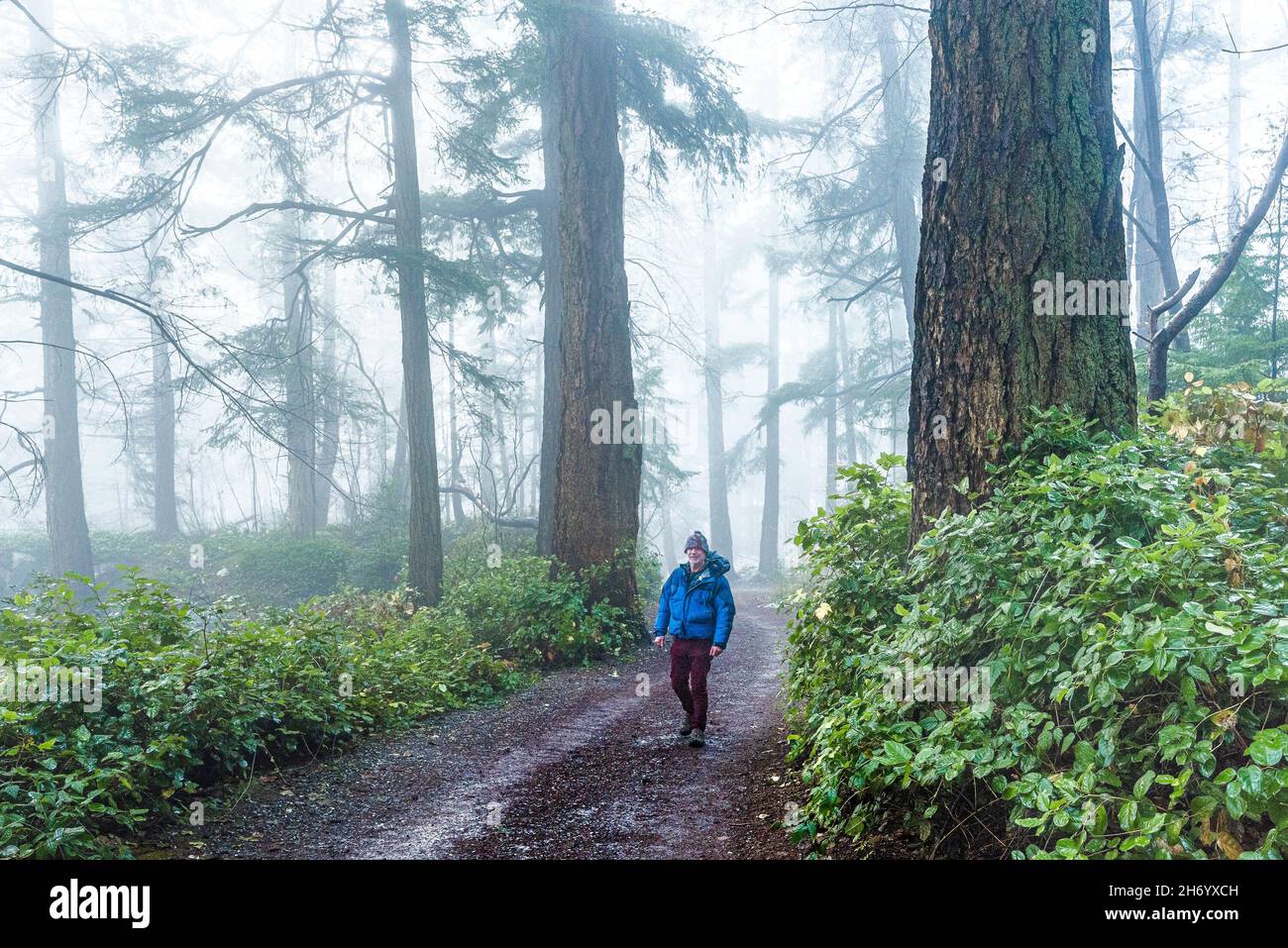 Man foggy forest hi-res stock photography and images - Alamy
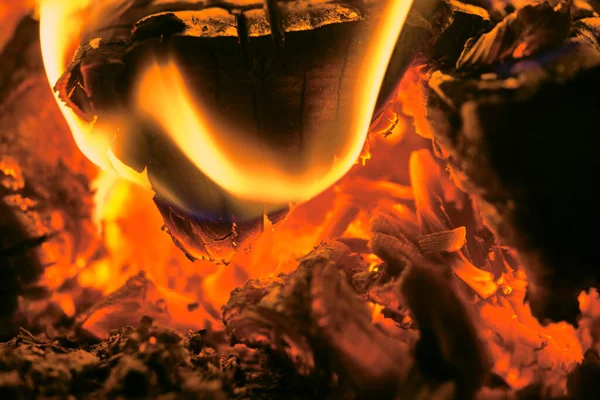 Сжигание Древесины Макро Низкий Свет — стоковое фото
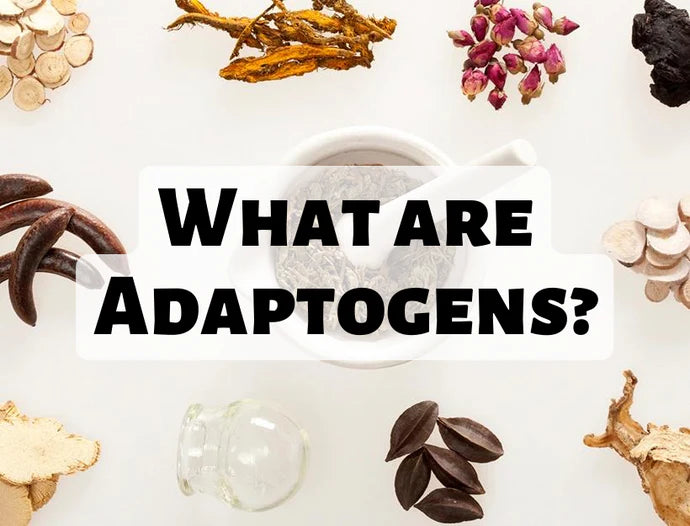 Adaptogens 101: A Deep Dive into Nature's Pharmaceuticals – élevé
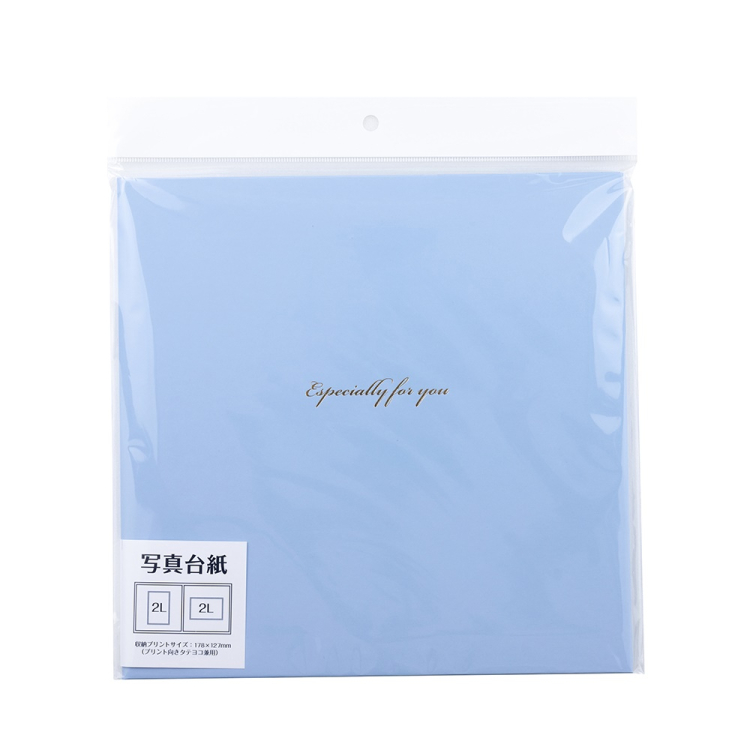 ナカバヤシ 写真台紙/スクエア2L判2面 VM2L-301-B ブルーの商品画像2枚目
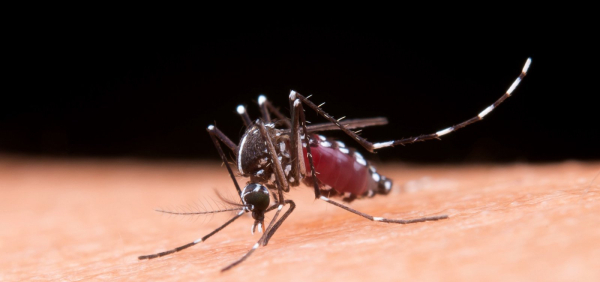 Sobe para 23 o número de mortes por dengue na Bahia
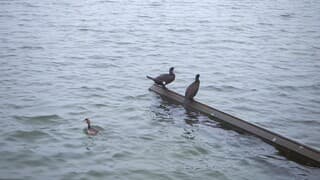 LEKKER WEER IJSVRIJ WATER VOOR DE WATERVOGELS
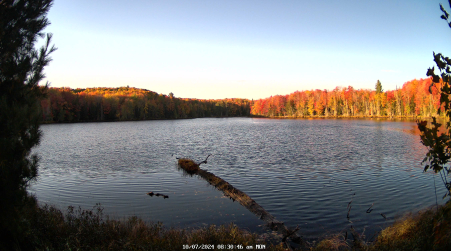Image from 2024-10-07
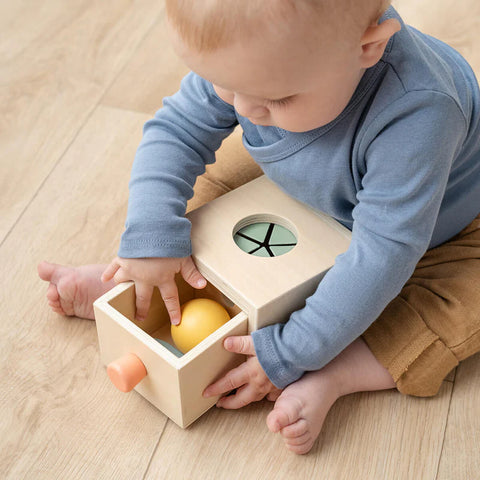 Caja hide&find nozo Done by Deer
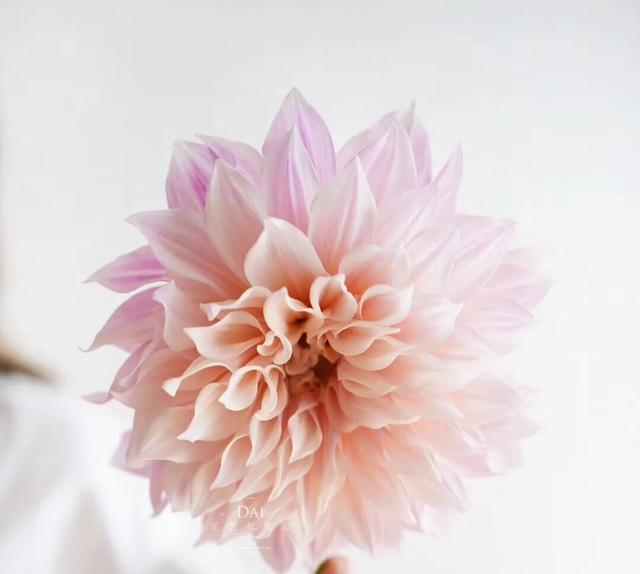 霍小栩■婚姻，一念天堂，一念地狱！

--------

• **WHAT TO DO**
Set each line of the records down exactly, leaving every picture out.

• **RESULT FOR THIS TASK**
 Man foggy forest hi-res stock photography and images - Alamy
 Сжигание Древесины Макро Низкий Свет — стоковое фото
 Adaptogens 101: A Deep Dive into Nature's Pharmaceuticals – élevé
 ナカバヤシ 写真台紙/スクエア2L判2面 VM2L-301-B ブルーの商品画像2枚目
 Sobe para 23 o número de mortes por dengue na Bahia
 LEKKER WEER IJSVRIJ WATER VOOR DE WATERVOGELS
Image from 2024-10-07
 Caja hide&find nozo Done by Deer
 霍小栩■婚姻，一念天堂，一念地狱！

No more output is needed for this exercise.